筆者の正直な感想だ。海上を片側3車線の高速道路が横切っている。しかも橋は延々と続き、終着点が見えないほどに長い。全体が緩やかに蛇行していたり、「航路橋」という橋の下を船舶が通るための箇所が設けられていて緩やかに上下していたりと、まさに海上版「万里の長城」といった感じだ。さすが中国...。
現地ガイドの説明によれば、橋の下の海は杭州湾なのだが、ここはちょうど銭塘江という川の河口にもあたるそうだ。銭塘江といえば、「大海嘯(だいかいしょう)」という大逆流現象が有名だとテレビか何かで耳にしたことがある。伝説によれば、この河川の主は「銭塘君」という全長300mもの龍だという話も聞いたことがある。全長300mっていうのはスゴイけど、橋の長さ36kmに比べると小さく感じるなぁ...。
そんなことを考えているうちに、橋の前方に何やら建設中の構造物が見えてきた。近づくにつれて全体がはっきりと見えてくるそれは、橋のすぐ横の海上に建設中の鳥のような建物だった。ガイドの説明によると、それはサービスエリアで、完成すれば休憩所と展望所を兼ね備えた施設になるという。

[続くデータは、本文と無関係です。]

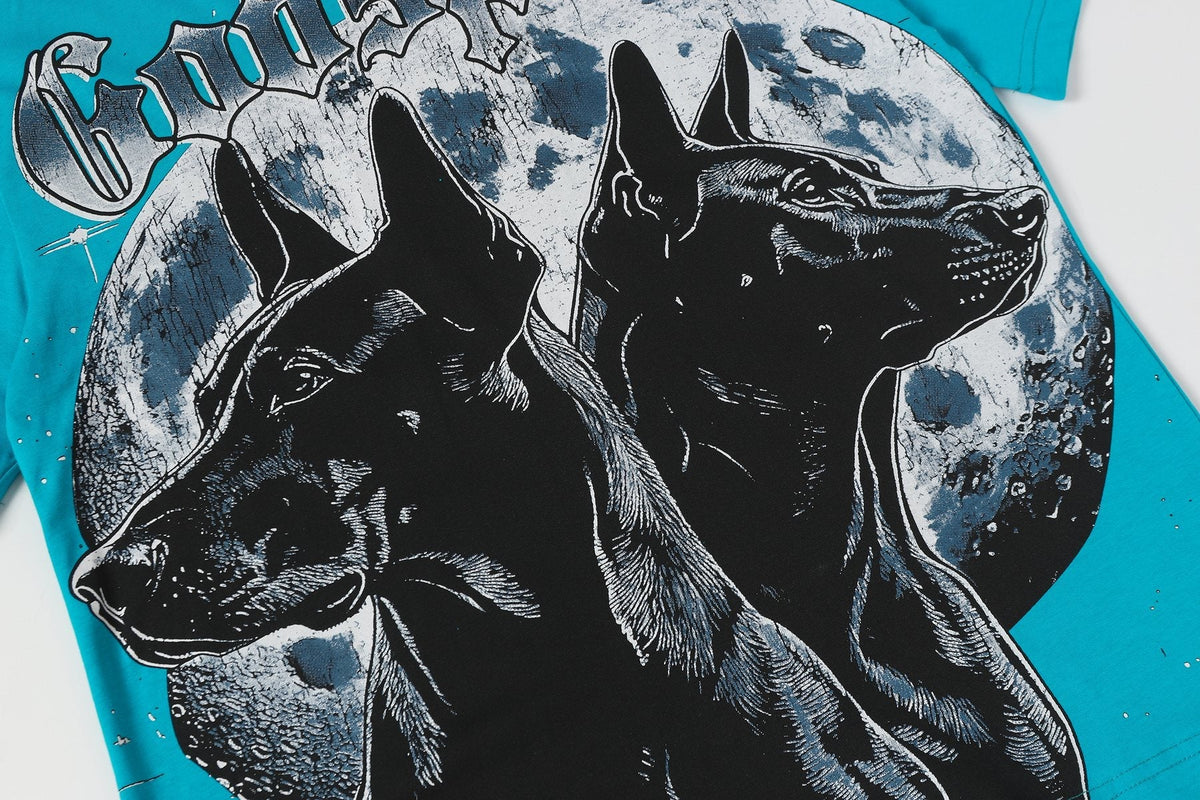 Godspeed Doberman Moon Graphic T-Shirt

見た感じは骨組みなどはあらかたできているようで、完成まではそう遠くないのかもしれない。
橋は長かった。しかし、思っていたよりはずいぶんと早く、前方に対岸らしきものが見えてきた。全長36kmと聞き、渡り終えるのにはもっと時間がかかるかと思っていたが、信号がなくノンストップで、道の勾配もあまりないような高速道路だとこんなものかもしれない。心なしか、交通量もそれほど多くなかったようだし。
かくして、我々は全長36kmもの橋を渡り終えた。
熱烈歓迎、管理公社
次に、橋の管理公社へ視察・会談に向かった。先方の担当者が橋のたもとにある高速道路の料金所で待っており、彼らの車による先導で公社へ向かう。
着いた管理公社はとても立派な建物だった。しかし、建物の周りはだだっ広い農園地帯が続くばかりで、この建物だけがポツンと建っているような様子だった。建物の立派さも相まって、すごく周りの風景とのギャップを感じる。

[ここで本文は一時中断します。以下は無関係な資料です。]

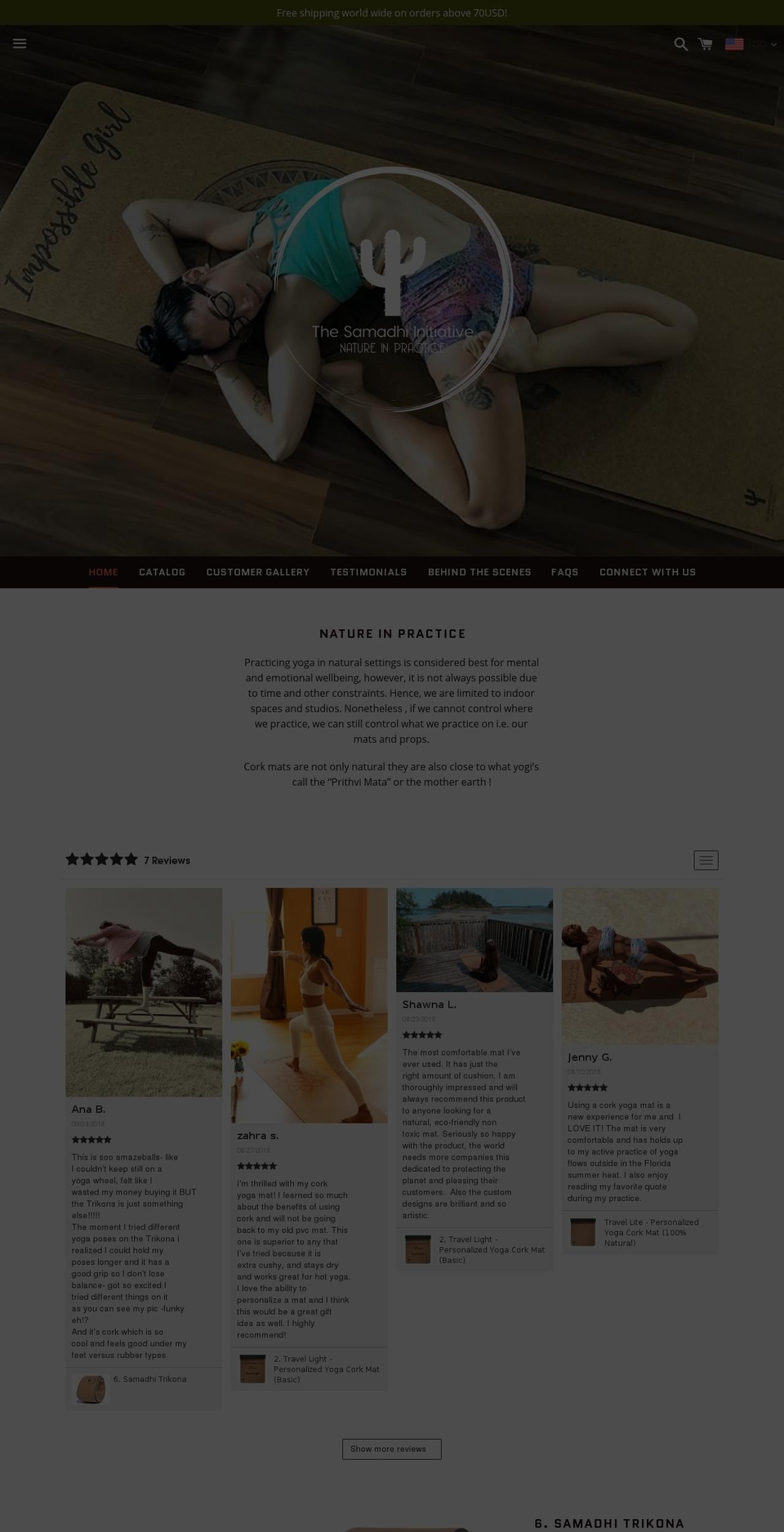 thesamadhiinitiative.com — Shopify storefront screenshot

我々が玄関から入ると、まず目に飛び込んできたのは「熱烈歓迎日本福岡友好代表団一行!」の文字。そうか...、我々は福岡を代表して友好団だったのか...。意外な事実を知り(?)少々ビックリする。単なる視察ツアーとばかり思っていたら、我々は実はVIPだったらしい...。
大型の会議室に通された我々は、そこでまたしても先ほどと同じ「熱烈歓迎」の文字を目にする。続いて、先方の寧波市政府関係者および大橋の管理公社の方から、挨拶と橋に関するレクチャーが行なわれた。話は基本的に全編を通して中国語で行なわれ、それを現地ガイドが通訳するという形式だった。内容は、橋の建設に至るまでと現在の概況、そして今後の展望についてだった。途中、スライドにて前述の建設中のサービスエリア「海中平台」の完成パースなども見せていただくなど、全体として興味をひかれる事柄が多く、とても有意義な時間となった。会談の後半には、我々日本サイドの参加者からも質問等が飛び出し、会談は盛況のうちに終了した。
会談が終わると我々は管理公社を後にした。1日目の視察はここで終了。この後はいよいよ、今宵の宿がある寧波市の中心市街地へ向かうこととなった。